__What the task asks__. Begin the copy at the line containing "Sundresses for Women" in the data below and end it at the line containing "DL3 Mobilak Protective", keeping each line exact and leaving out pictures.

===== Input for this task =====

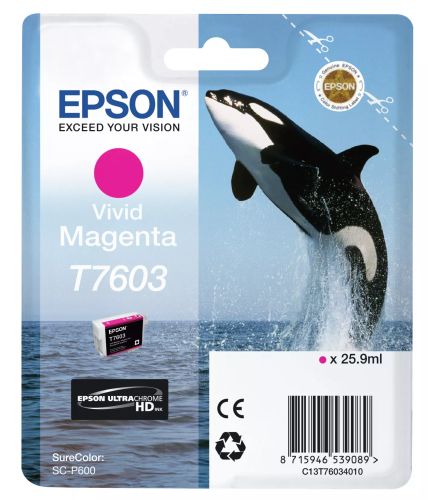 Revendeur officiel Cartouches d'encre EPSON T7603 cartouche dencre magenta vif haute capacité 25,9ml 1356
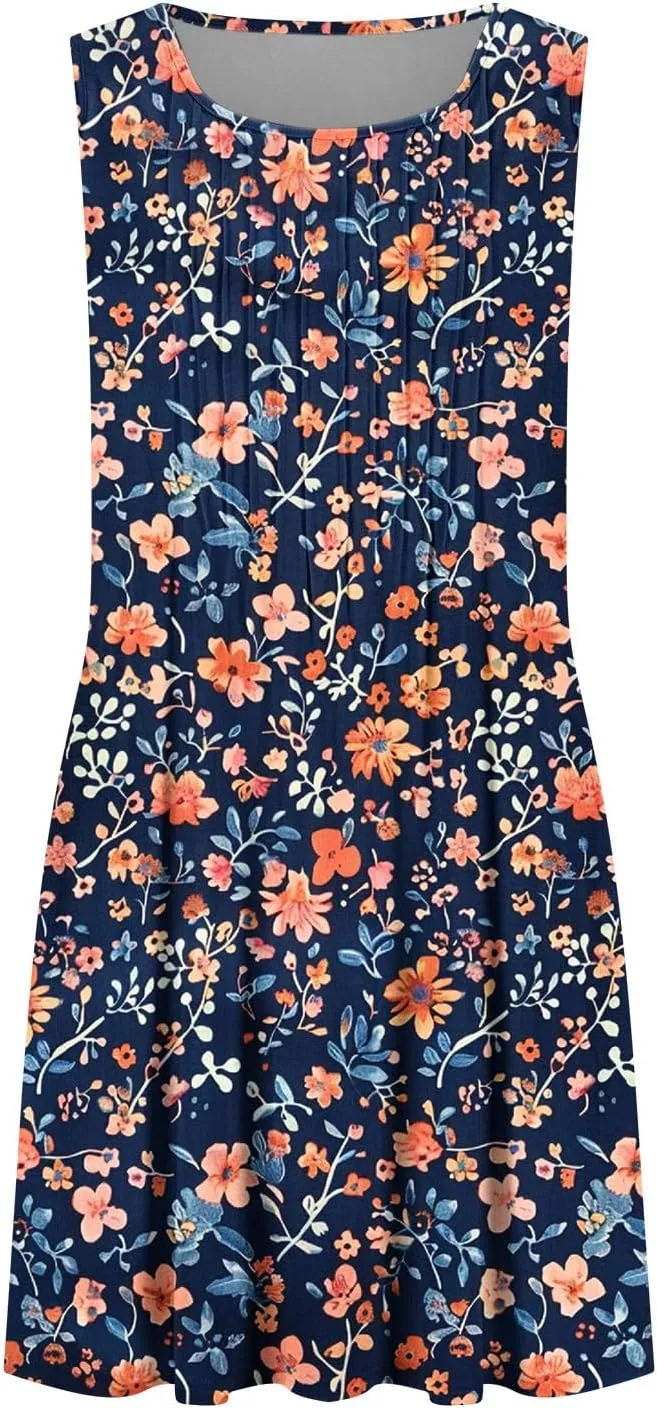 Sundresses for Women Casual Sleeveless Floral Ruched Front Dresses A-Line Beach Festival Dress with Pockets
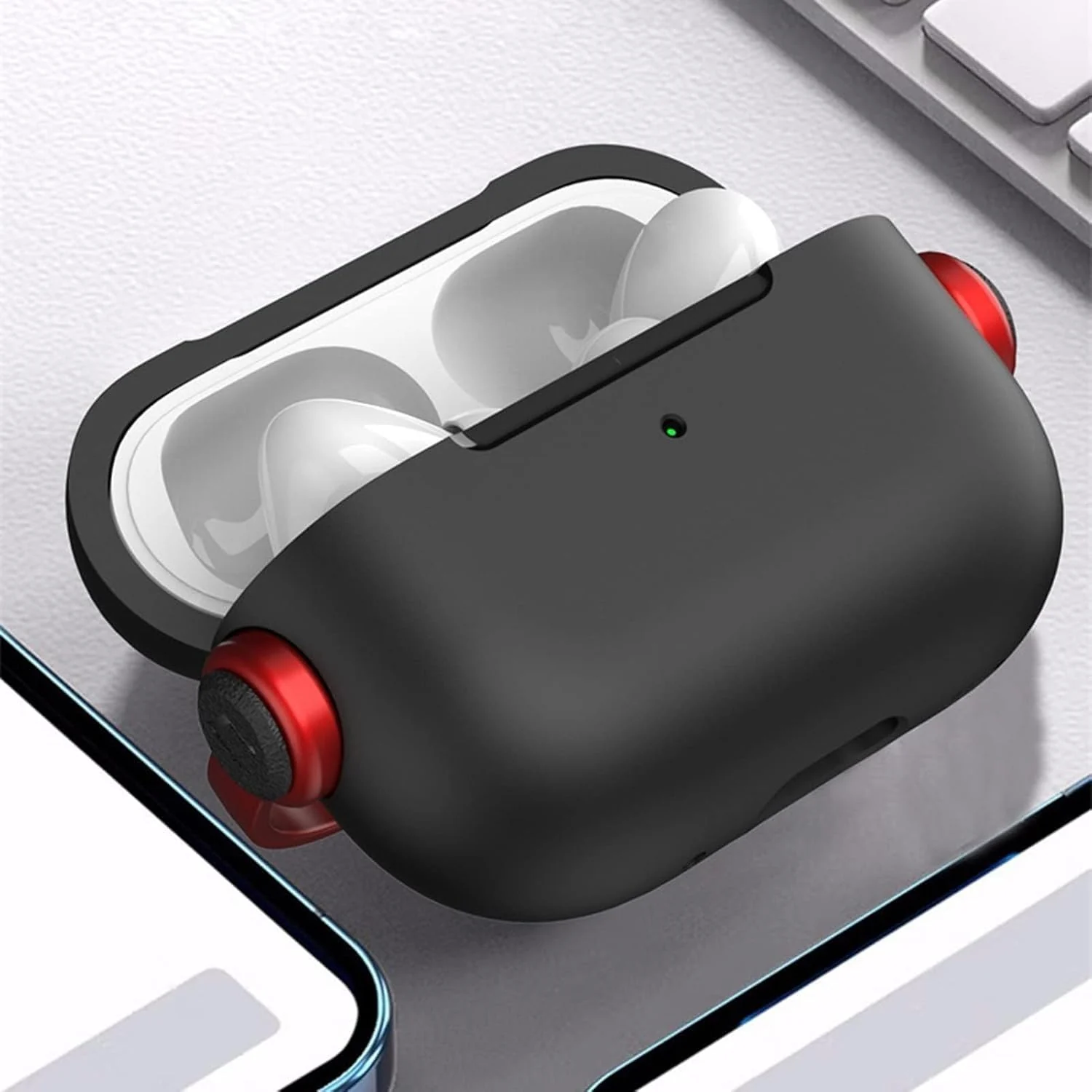 DL3 Mobilak Protective Case for AirPods 3 [With Closure Lid] [Front LED Visible] [With Wrist Strap] Skin Case Compatible with Airpod 3rd Generation 2021 - Black White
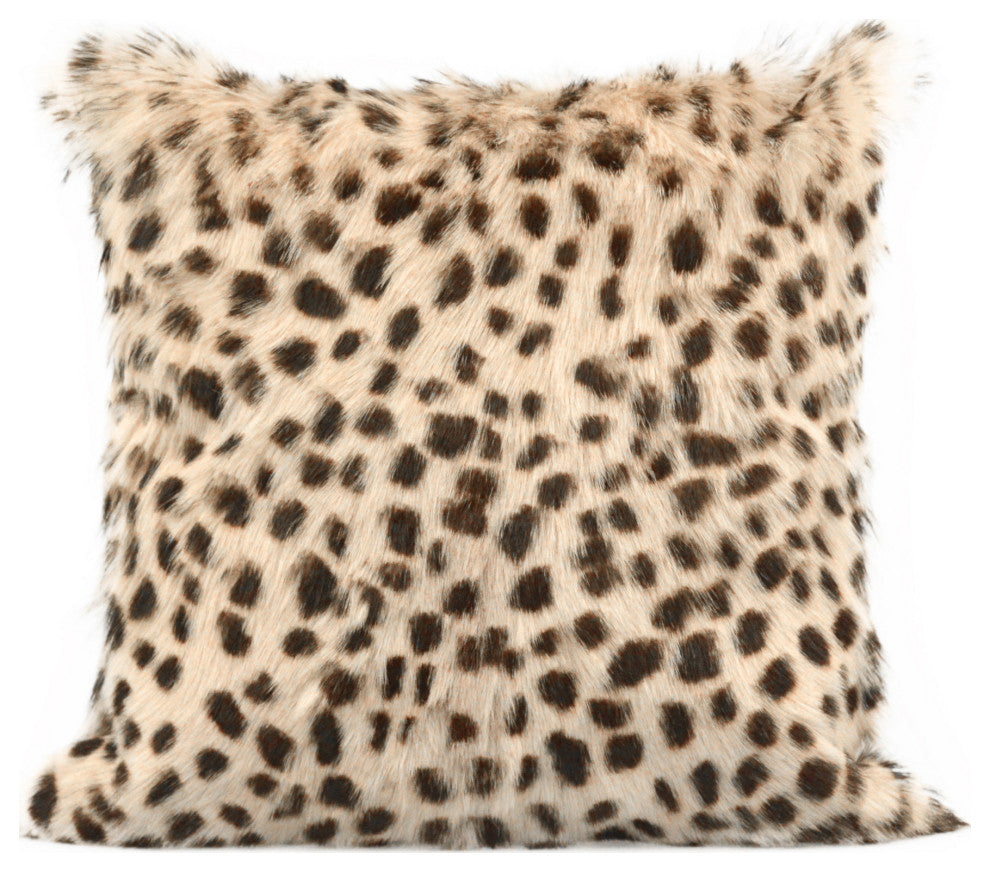 Contemporary Spotted Goat Fur Pillow Cream - White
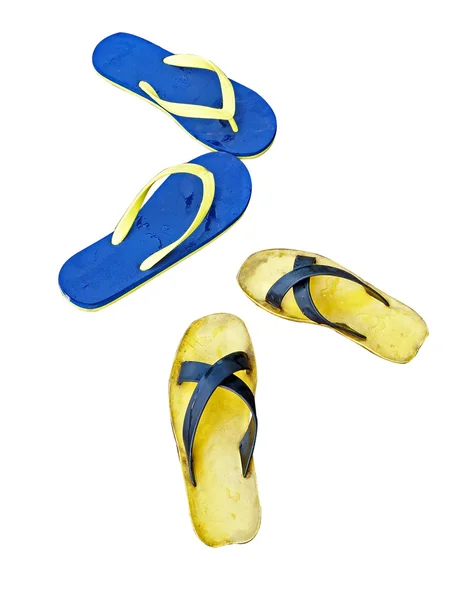 Sandálias molhadas isoladas (dois pares ) — Fotografia de Stock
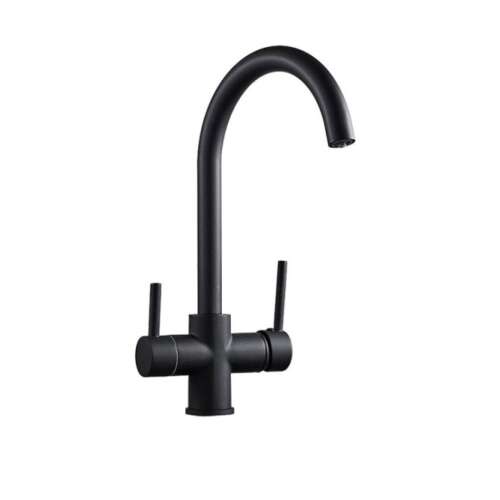 Blackswan M174 konyhai csaptelep, matt fekete, 360 fokos forgatás, szűrt víz kivezetéssel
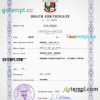 editable template, Panama vital record death certificate PSD template, fully editable
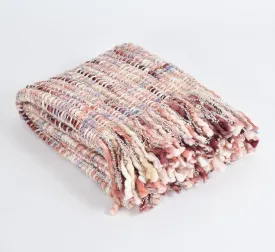 Soft Throw Blanket | Throw Blanket for Sofa, Bed, Chair and Travel | Rust Throw Blanket |100% Acrylic| Pack of 1, 50x 60INCH (Pink White)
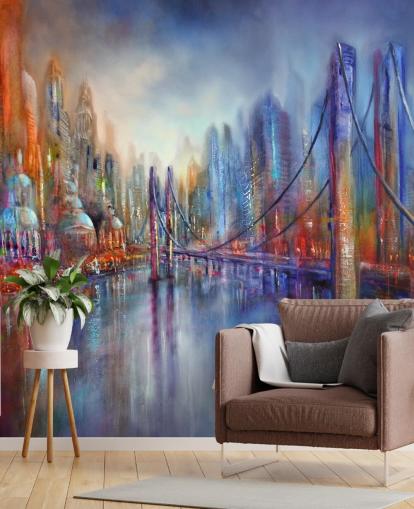 abstract red and blue painting of a city and bridge wallpaper abstract red and blue painting of a city and bridge wallpaper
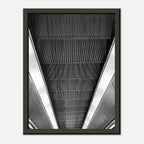 Black and white framed print of London Tube escalator abstract art from the Travel Collection, Studio Edition, by My Store.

=====

__Reply to the exercise__.
 Sundresses for Women Casual Sleeveless Floral Ruched Front Dresses A-Line Beach Festival Dress with Pockets
 DL3 Mobilak Protective Case for AirPods 3 [With Closure Lid] [Front LED Visible] [With Wrist Strap] Skin Case Compatible with Airpod 3rd Generation 2021 - Black White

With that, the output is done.